多孔功能MOFs材料的设计合成与氢气、二氧化碳气体吸附性能研究

Emerging as a new class of crystalline porous materials, metal–organic frameworks (MOFs, also known as porous coordination polymers, PCPs) have great potential applications in economical, safe and efficient storage of energy-environment related gas (such as hydrogen, carbon dioxide and so on) due to their large surface area, adjustable pore size and chemically-tunable functionalities. Therefore, how to understand the structure-property relationship between the structures and gas storage performance of MOFs is of great scientific and practical significance for future design and construction of novel MOFs with high-performance. This project intends to design and synthesize series of highly porous MOFs decorated by different groups (such as –CH3, –Br, -NO2, –OH, -NH2, -SO3H and so on) through crystal engineering by utilizing highly symmetrical isophthalic acids and two-dentate bipyridine mixed-ligand systems, aiming at significant enhancement of the materials’ water-stability and gas storage performance: The incorporated polar groups (-NO2,–OH, -NH2, -SO3H, etc) may act as the strong gas (hydrogen, carbon dioxide, etc) molecule binding sites to optimize the framework-gas interactions. Meanwhile, both the introduced hydrophobic groups (–CH3,–Br, -NO2, etc) and bipyridine auxiliary ligands (which can effectively increase the connectivity numbers of the second building units (SBUs) through coordination, which in turn will improve the water-stability of the MOF materials) may have positive effect upon the water-stability of the MOFs. Most importantly, the relationship between the specially porous structures and gas sorption performance of the MOF materials, including the effect of different factors such as different pore sizes and polar groups on energy-environment related gas storage performance, the gas (hydrogen and carbon dioxide) sorption mechanism at the molecular level and so on, will be systematically investigated and disclosed by both experimental and theoretical methods including GCMC (Grand Canonical Monte Carlo) molecular simulations and DFT (Density Functional Theory) calculations. The results of this project may have significant implications for future design and construction of new novel high-performance MOF materials for energy-environment related gas capture and storage.
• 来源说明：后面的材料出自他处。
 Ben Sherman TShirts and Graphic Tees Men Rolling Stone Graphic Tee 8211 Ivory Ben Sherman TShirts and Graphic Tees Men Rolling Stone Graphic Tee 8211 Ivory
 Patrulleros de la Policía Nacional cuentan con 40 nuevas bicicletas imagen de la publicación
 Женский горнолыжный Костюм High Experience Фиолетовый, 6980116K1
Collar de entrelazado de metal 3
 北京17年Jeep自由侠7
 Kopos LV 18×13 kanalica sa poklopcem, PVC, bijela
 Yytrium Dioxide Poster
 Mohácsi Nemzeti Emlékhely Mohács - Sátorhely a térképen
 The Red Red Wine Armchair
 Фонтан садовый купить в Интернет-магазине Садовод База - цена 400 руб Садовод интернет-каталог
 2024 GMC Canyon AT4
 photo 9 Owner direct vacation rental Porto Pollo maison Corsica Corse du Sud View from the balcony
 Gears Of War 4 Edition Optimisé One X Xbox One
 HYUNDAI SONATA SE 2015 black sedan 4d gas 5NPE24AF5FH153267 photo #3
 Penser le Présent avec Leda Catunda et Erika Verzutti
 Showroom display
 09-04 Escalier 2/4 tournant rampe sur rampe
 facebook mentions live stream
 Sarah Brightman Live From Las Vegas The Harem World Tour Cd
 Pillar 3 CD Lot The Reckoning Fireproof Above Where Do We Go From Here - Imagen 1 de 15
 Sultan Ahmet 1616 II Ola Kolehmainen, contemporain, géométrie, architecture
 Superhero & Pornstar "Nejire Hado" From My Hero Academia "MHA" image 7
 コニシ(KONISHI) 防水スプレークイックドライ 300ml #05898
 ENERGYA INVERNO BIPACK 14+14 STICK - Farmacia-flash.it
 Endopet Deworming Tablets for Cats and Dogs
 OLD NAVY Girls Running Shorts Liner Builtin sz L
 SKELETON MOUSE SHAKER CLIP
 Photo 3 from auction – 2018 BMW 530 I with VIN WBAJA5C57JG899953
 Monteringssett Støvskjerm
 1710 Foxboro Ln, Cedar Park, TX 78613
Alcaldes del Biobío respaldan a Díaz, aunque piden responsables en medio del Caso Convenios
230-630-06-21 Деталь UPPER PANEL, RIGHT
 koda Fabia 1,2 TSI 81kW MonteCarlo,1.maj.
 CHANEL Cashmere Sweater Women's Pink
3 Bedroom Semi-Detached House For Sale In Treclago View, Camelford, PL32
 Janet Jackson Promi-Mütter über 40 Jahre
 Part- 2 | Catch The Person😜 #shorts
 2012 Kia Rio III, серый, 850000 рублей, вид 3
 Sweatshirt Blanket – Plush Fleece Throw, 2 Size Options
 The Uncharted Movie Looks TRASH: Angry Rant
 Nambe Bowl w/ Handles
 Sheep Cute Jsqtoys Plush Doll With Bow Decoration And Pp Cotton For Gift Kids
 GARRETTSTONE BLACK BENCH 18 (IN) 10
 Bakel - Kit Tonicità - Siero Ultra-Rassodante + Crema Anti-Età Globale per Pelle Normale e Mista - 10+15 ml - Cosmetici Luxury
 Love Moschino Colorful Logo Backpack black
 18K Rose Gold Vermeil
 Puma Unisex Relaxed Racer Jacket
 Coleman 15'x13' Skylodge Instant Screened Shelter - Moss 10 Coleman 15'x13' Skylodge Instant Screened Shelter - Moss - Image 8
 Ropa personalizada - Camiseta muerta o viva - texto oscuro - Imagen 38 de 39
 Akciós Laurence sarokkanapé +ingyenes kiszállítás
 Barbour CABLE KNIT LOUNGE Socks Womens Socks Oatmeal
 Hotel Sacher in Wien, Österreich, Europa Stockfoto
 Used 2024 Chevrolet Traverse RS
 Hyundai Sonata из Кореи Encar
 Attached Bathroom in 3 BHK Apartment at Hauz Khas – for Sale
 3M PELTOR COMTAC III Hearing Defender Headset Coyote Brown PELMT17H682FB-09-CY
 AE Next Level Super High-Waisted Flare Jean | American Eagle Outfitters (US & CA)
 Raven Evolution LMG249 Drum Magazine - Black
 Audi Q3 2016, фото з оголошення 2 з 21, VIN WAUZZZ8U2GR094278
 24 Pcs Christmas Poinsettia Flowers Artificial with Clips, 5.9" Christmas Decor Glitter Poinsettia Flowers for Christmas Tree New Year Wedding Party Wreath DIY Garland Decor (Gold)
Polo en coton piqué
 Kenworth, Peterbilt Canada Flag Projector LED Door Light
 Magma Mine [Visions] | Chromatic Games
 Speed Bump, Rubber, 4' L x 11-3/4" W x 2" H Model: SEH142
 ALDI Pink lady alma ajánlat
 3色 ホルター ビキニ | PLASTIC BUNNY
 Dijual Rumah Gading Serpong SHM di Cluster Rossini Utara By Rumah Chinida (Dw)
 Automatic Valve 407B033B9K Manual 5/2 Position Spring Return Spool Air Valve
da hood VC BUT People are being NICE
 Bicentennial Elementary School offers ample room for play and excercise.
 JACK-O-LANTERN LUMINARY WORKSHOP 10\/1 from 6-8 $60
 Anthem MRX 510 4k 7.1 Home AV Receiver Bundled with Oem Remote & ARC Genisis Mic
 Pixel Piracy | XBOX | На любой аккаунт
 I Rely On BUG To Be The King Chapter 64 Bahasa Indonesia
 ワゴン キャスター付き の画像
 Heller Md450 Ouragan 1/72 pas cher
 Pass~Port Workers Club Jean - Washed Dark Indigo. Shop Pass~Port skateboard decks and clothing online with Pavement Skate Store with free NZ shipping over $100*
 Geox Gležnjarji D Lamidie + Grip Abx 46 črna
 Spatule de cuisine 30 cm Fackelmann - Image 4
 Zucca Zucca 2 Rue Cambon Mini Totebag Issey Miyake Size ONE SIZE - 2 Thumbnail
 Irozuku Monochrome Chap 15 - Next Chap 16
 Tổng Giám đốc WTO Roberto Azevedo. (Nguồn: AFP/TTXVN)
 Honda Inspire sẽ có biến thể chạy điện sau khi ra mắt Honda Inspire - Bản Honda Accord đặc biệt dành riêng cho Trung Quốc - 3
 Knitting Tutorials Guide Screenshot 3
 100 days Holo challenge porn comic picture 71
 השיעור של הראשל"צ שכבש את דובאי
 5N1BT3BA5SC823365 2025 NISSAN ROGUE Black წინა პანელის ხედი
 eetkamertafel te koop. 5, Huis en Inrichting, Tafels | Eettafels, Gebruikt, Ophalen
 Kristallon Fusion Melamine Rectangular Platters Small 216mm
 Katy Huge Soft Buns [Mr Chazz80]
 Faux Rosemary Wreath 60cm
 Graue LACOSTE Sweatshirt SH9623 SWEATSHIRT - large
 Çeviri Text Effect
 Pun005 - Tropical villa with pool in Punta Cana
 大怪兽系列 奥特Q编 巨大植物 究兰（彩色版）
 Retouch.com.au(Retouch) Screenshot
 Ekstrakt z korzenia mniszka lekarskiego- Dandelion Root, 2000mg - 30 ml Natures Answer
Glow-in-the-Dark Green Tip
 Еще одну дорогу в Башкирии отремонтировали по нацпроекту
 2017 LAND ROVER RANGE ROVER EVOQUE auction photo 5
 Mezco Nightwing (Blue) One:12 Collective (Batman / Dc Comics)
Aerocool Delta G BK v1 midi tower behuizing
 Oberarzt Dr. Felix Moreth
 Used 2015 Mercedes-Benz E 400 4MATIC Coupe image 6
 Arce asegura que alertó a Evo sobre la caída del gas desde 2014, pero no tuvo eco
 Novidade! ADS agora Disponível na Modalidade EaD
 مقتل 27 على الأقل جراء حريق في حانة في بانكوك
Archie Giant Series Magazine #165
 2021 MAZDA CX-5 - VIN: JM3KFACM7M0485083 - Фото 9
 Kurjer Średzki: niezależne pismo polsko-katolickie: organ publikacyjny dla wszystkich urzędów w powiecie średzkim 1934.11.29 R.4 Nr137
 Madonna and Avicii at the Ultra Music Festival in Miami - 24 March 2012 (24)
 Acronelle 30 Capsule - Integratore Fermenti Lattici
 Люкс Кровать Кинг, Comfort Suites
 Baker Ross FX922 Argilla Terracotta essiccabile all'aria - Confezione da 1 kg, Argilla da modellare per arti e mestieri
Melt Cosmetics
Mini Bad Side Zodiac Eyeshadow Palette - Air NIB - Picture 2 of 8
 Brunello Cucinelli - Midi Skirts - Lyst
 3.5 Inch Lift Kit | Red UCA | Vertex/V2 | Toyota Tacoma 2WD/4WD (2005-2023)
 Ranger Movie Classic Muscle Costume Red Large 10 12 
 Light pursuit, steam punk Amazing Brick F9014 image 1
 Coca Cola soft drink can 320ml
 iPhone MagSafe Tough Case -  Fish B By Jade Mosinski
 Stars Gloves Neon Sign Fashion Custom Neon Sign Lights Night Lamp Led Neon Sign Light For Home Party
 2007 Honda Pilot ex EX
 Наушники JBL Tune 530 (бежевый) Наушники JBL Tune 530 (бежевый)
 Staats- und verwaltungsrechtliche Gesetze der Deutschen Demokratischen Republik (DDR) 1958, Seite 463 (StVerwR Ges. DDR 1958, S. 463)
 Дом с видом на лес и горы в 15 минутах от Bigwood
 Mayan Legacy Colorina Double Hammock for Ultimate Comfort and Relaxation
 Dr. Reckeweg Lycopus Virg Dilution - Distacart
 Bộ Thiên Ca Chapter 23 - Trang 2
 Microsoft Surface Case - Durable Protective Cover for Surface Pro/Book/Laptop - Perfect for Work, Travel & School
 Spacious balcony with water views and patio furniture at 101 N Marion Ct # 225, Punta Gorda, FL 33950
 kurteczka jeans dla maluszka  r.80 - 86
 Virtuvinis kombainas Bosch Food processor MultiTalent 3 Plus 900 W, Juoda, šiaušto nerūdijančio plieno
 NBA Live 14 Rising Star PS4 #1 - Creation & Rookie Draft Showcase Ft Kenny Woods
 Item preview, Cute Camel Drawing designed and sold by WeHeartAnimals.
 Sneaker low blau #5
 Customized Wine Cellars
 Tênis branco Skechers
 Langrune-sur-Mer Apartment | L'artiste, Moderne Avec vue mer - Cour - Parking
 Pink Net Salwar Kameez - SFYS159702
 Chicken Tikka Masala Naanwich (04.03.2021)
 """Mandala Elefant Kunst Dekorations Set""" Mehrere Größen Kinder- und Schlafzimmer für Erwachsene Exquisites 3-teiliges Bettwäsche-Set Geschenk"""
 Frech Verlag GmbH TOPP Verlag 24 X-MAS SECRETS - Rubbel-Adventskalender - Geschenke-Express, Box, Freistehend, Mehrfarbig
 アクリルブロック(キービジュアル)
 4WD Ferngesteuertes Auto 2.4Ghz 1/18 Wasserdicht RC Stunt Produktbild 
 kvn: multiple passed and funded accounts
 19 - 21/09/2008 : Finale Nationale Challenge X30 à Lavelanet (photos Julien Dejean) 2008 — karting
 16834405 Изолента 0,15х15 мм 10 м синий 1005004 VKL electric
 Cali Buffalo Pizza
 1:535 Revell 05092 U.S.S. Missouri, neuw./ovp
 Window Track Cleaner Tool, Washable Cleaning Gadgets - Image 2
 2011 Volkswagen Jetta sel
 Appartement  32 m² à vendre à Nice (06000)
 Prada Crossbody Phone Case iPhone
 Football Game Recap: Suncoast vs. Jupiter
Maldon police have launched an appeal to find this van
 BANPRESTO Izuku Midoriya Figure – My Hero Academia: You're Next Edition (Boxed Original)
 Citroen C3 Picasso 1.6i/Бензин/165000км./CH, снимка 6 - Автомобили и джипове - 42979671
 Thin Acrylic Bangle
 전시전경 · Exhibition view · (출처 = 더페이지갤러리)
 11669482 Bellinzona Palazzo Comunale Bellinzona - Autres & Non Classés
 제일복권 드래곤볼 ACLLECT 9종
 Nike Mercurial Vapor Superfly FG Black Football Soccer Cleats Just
金属-有机框架材料（MOFs）在经济、安全、高效地吸附存储氢气、二氧化碳等能源环境相关气体方面具有广泛的应用前景。系统理解MOFs储气性能的构效关系是定向设计合成新型高性能储气材料的一个重要基础。本项目拟基于高对称性间苯二酸类——二齿吡啶类混合配体，依据晶体工程原理设计合成系列高孔隙率MOFs材料，并对材料进行甲基、溴基、硝基、羟基、氨基、磺酸基等功能基修饰，探索通过吡啶类辅助配体参与配位以增加无机次级构筑单元的连接数以及在框架结构中引入甲基、溴基、硝基等不同疏水基对提高材料水稳定性的影响。同时采用实验和理论计算相结合的手段，系统考察不同孔径、不同极性功能基（硝基、羟基、氨基等）对材料储气性能的影响，探讨MOFs吸附气体的微观机理，揭示该类材料的特殊孔洞结构与其气体吸附存储性能间的构效关系，为今后定向设计合成新型高性能氢气、二氧化碳等能源环境相关气体存储MOFs材料提供科学依据和研究基础。

金属-有机框架材料（MOFs）在气体吸附存储与分离、催化等方面具有广泛的应用前景。系统理解MOFs储气、催化等性能的构效关系是定向设计合成新型高性能MOFs材料的一个重要基础。本项目设计合成了系列极性酰胺基桥连的、不同功能基（甲基、甲氧基、羟基、吡啶氮配位点等）修饰的含间苯二间酸单元高对称性多齿羧酸配体，依据晶体工程原理，在溶剂热条件下与铜离子等配位，制备了若干结构新颖、框架结构稳定性好、具有优异二氧化碳等气体吸附存储分离性能和催化活性的MOFs材料。通过系统的结构表征、单组分气体吸附、混合气体动态突破、催化等实验与相关理论研究，结果表明，在MOFs的框架结构中引入极性桥连酰胺功能基不但能极大地提升材料的多孔性，而且与金属Cu(II)不饱和配位点类似，酰胺功能基也能与CO2等气体分子间产生较强的分子间相互作用，进一步提高材料对CO2等气体的吸附存储与分离能力；此外，在酰胺基修饰MOFs材料的设计合成中，采用穿插策略、在框架结构中引入甲基等疏水基、或引入吡啶氮配位点参与配位提高无机节点的连接数等方法，能有效地提高材料的框架结构稳定性；另外，酰胺基修饰MOFs框架结构中的路易斯酸性铜（II）不饱和配位点和路易斯碱性酰胺基能分别有效催化deacetalization-Knoevenage连续反应的第一步和第二步反应，使该类MOFs材料具有优异的非均相催化效果等。经过三年的努力，在本项目的资助下，项目组成员在Chem. Commun.、CrystEngComm等国际高影响力刊物上发表了2 篇与项目相关的高质量SCI学术论文，此外还有多篇论文正在整理、投稿和评审中。培养硕士研究生4人，其中已获硕士学位2人。本项目较圆满地完成了相关研究任务，达到了预期目标。相关结论对今后设计合成新型高性能MOFs材料以期实际应用于二氧化碳等能源环境相关气体吸附存储与分离、非均相催化等领域提供了新思路与研究基础。